Tuesday, January 27, 2015

Learning Photoshop -- posterization and abstraction

Yesterday's lesson in my online course in Photoshop Elements was abstracting a photo to a gray scale with simplified shapes.  Since the course is geared to quiltmakers, the assignment was to make an image that could theoretically be printed out and cut apart into templates.

What fascinated me was the vast spectrum of abstraction that can be achieved with a couple of slider bars in the program.

Here's the image I started with:

After putting the photo into a gray scale, you use a filter called "cutout," which has three slider bars.  The most powerful seems to be "edge simplicity," which goes from 1 to 10; the higher the number the greater the abstraction.

So here's the image at 7:

and here it is at 10:

The 10 image just above is shown with four tones of gray.  If you chose three tones of gray, you'd get an even simpler image below:

If you chose seven tones, it would be more complicated:

As you can imagine, there are many hundreds of possibilities just playing with the three sliders in the cutout filter.  If you did want to make a relatively realistic quilt from your abstracted image, you'd have to walk a fine line between simplifying too much, so the adorable child is unrecognizable, and not simplifying enough, so that the templates would be way too detailed to work with.

Here's the image I chose to work with; I think the edge simplification was about 5 and I think it had seven tones of gray.

It was a lot more detailed before I got to work with my brush tool, painting out a lot of irrelevant stuff.  For instance, the sink and the window on the upper right side of the picture are now gone; the T-shirt no longer has cartoon characters.

You could easily spend the rest of the week fine-tuning, and I think that using the brush tool to overwrite a posterized image is very conducive to overkill.  You start "improving" this part of the image, then you zoom out to look at the whole thing and the part you just "improved" doesn't really match the adjacent parts, so you work on them for a while, etc.  Just like when you buy a new sofa and realize that the carpet looks pretty shabby and the drapes don't match....  I wonder if Photoshop Elements has a filter called "enough already."

And as I was fussing away at this process, whiling away the afternoon, I was thinking how terrible this would look as a quilt, and how I would probably prefer to have hot splinters driven under my fingernails than to try to make a quilt from templates.

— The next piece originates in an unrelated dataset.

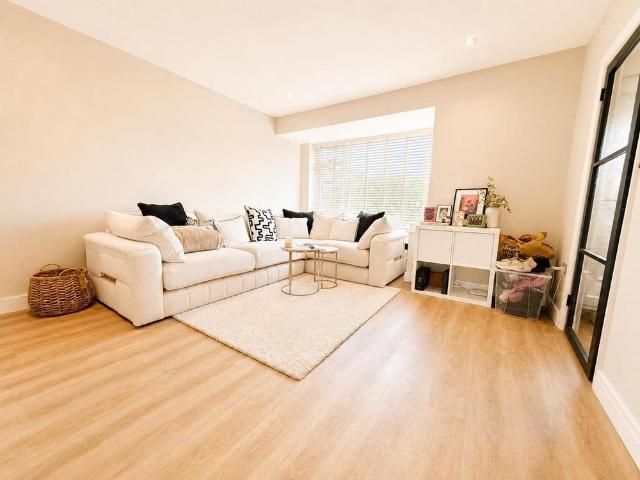 House for rent in Cookridge, West Yorkshire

I've seen so many quilts made from photoshop patterns, and almost every time I wonder why.  So much fiddling and fussing to produce an imitation photograph.  But that's my prejudice.

I think this lesson has revealed so much to play with in photoshop that my head is spinning.  Not at all sure what I might ever want to do with the images I come up with, having pretty strenuously ruled out the possibility of using them for quiltmaking, but I am eager to play some more and see what happens.


  1. I like the one with 3 tones of gray the best. That could be a quilt with the right colors.

  2. I sometimes use Photoshop in the middle of the design process. I will start with shapes in fabric on the design wall, take a photo and bring it into PHotoshop, perhaps make it B&W. With the drawing tools in new layers I can add other shapes, perhaps continue the figures to the edge, try different backgrounds, or rotate, shift, or mirror the images. When I have something roughed out, I will print or put it on the IPad and go back in the studio to cut more fabric. It doesn't end up like the Photoshop piece, but it gets me further along in the design stage. (I also use Sketchbook Pro on the iPad in the same way.)

  3. I have found the cutouts filter perfect for judging values in my paintings. I so agree w your comments on fiddling and fussing for an imitation painting.

  4. I've been using Photoshop for my value and could color sketches. I love this idea of abstraction....you really can play with all the filters for a ton of good ideas!

  5. Have never used Photoshop and probably never will but learned a lot from your afternoon of sliders and gray tones!